* [What this task involves]: Beginning at the line containing "Headphones woman feeling", repeat each line below exactly up to and including the line containing "Black and white". Do not repeat the pictures.

=== Records for the task ===

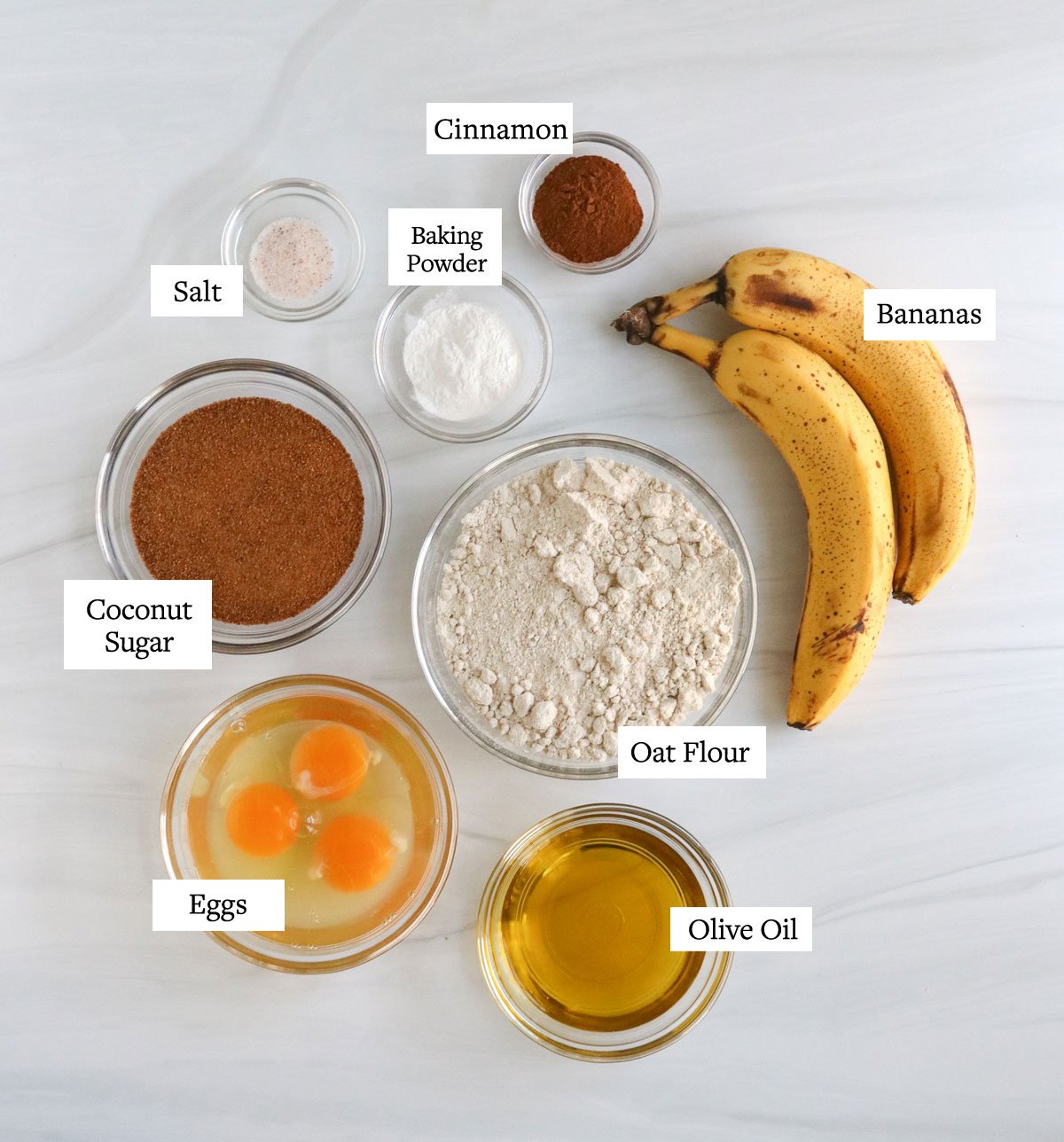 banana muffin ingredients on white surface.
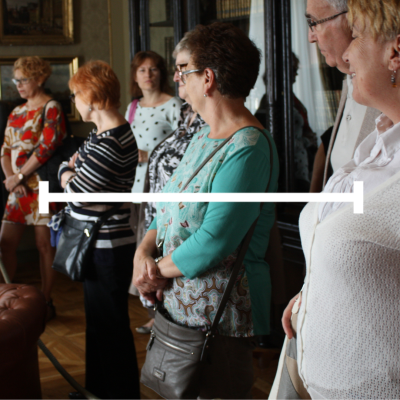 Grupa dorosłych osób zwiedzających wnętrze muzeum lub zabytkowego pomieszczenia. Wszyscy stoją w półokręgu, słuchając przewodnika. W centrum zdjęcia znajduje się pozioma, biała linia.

===
=== Records for the task ===

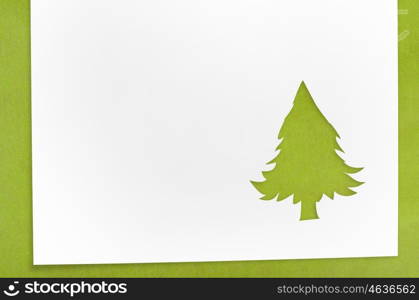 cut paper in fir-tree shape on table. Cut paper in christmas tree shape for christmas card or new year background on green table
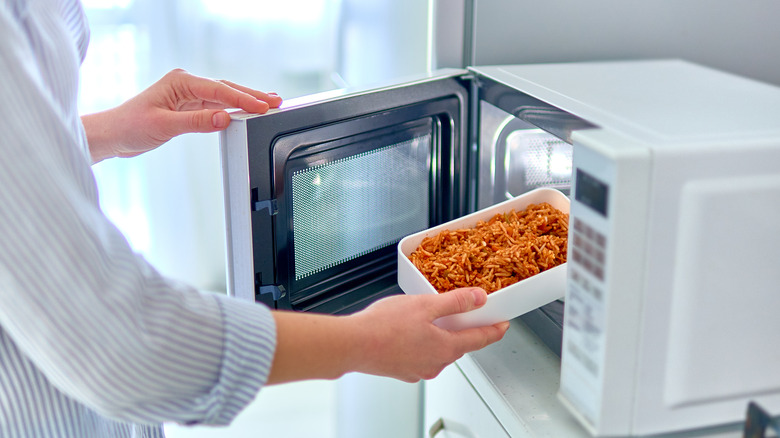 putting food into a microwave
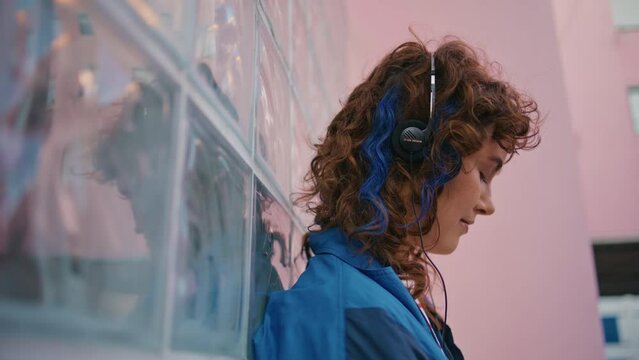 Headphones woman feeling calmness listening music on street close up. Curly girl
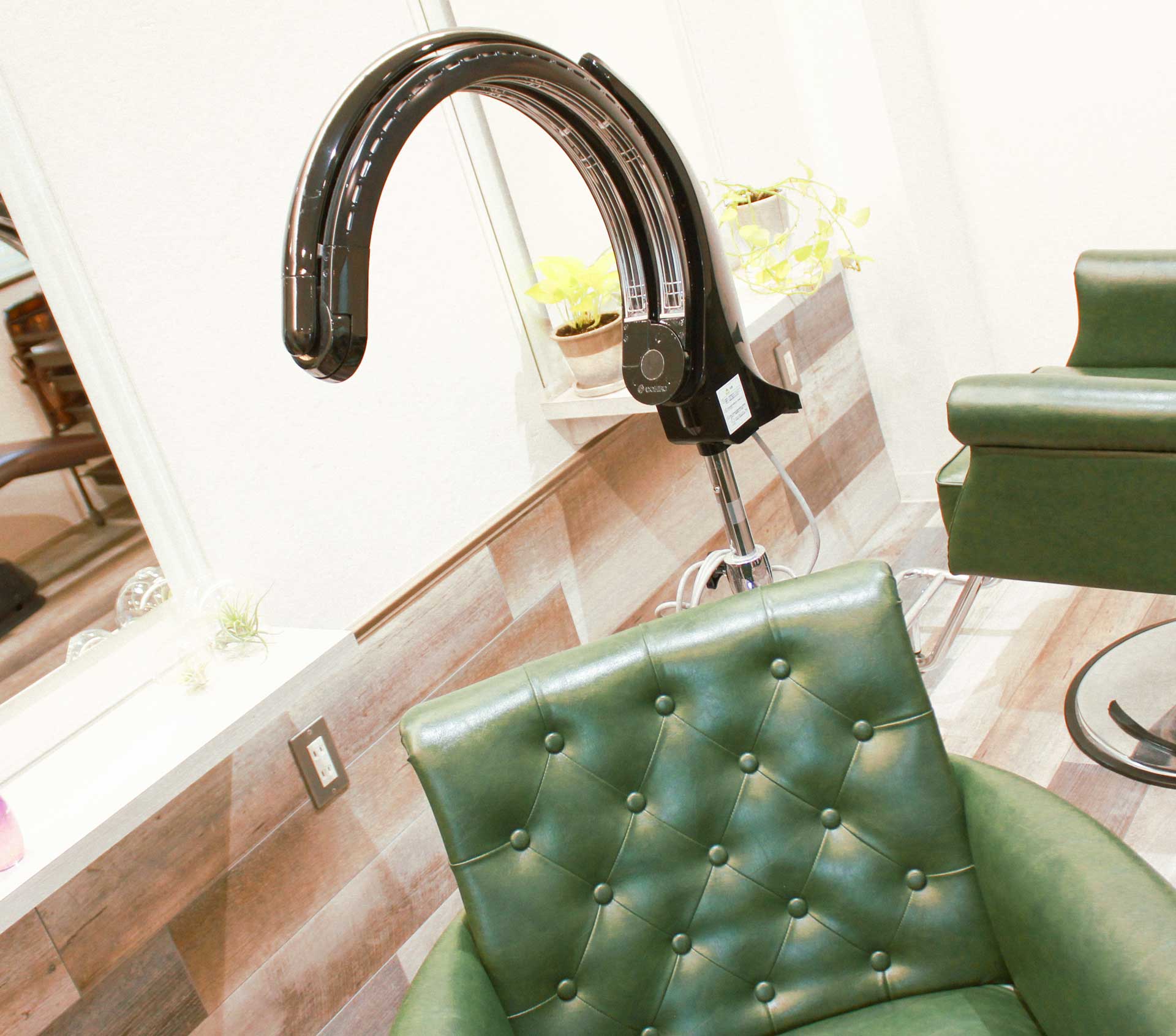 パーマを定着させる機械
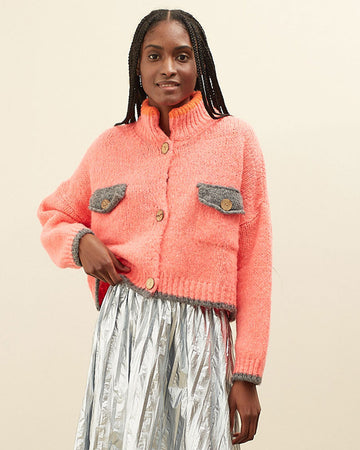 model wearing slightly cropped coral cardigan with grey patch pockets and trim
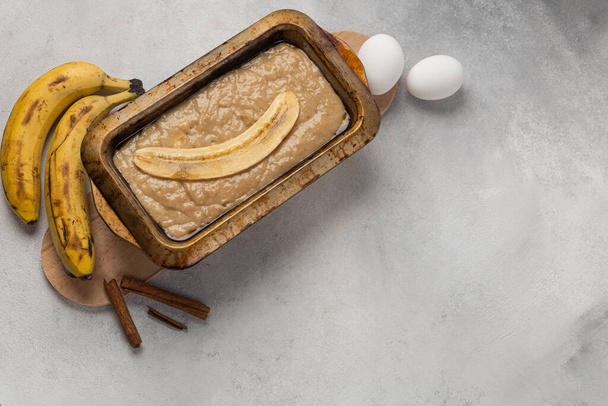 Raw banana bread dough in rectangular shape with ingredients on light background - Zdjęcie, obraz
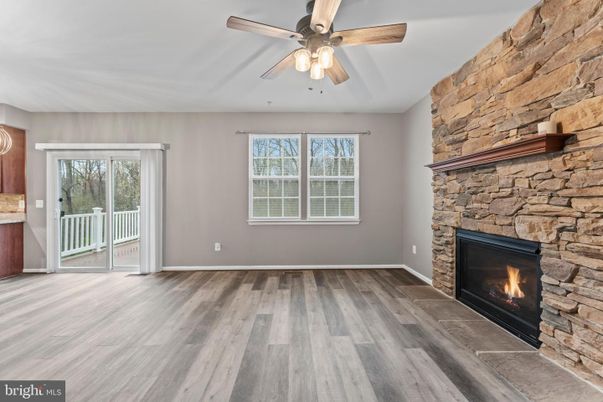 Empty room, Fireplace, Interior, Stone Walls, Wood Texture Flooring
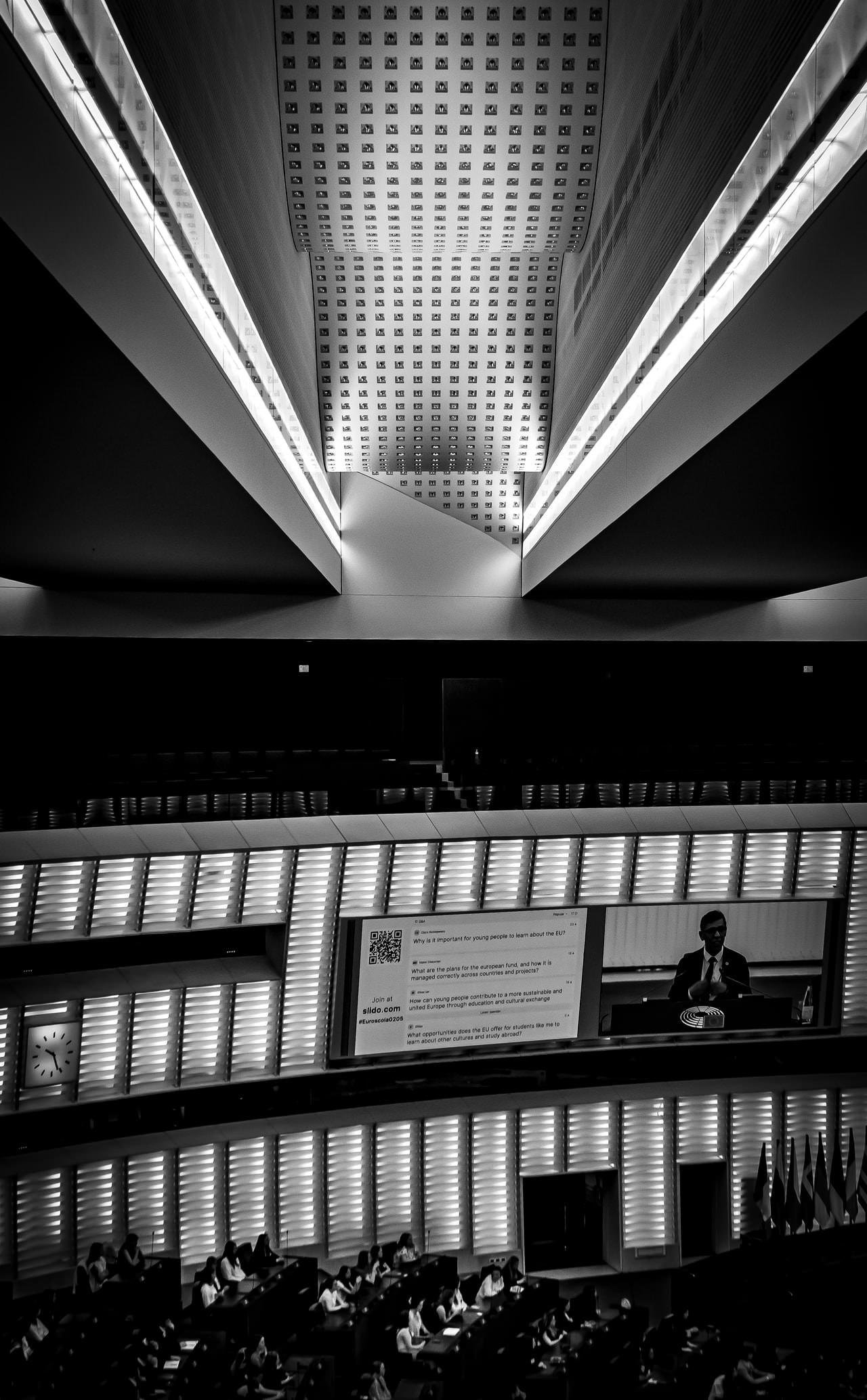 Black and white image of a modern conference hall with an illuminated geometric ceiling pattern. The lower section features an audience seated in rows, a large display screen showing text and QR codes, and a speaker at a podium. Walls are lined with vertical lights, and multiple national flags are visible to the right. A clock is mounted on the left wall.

===

* [Answer below]:
 Headphones woman feeling calmness listening music on street close up. Curly girl
 パーマを定着させる機械
 model wearing slightly cropped coral cardigan with grey patch pockets and trim
 Raw banana bread dough in rectangular shape with ingredients on light background - Zdjęcie, obraz
 Empty room, Fireplace, Interior, Stone Walls, Wood Texture Flooring
 Black and white image of a modern conference hall with an illuminated geometric ceiling pattern. The lower section features an audience seated in rows, a large display screen showing text and QR codes, and a speaker at a podium. Walls are lined with vertical lights, and multiple national flags are visible to the right. A clock is mounted on the left wall.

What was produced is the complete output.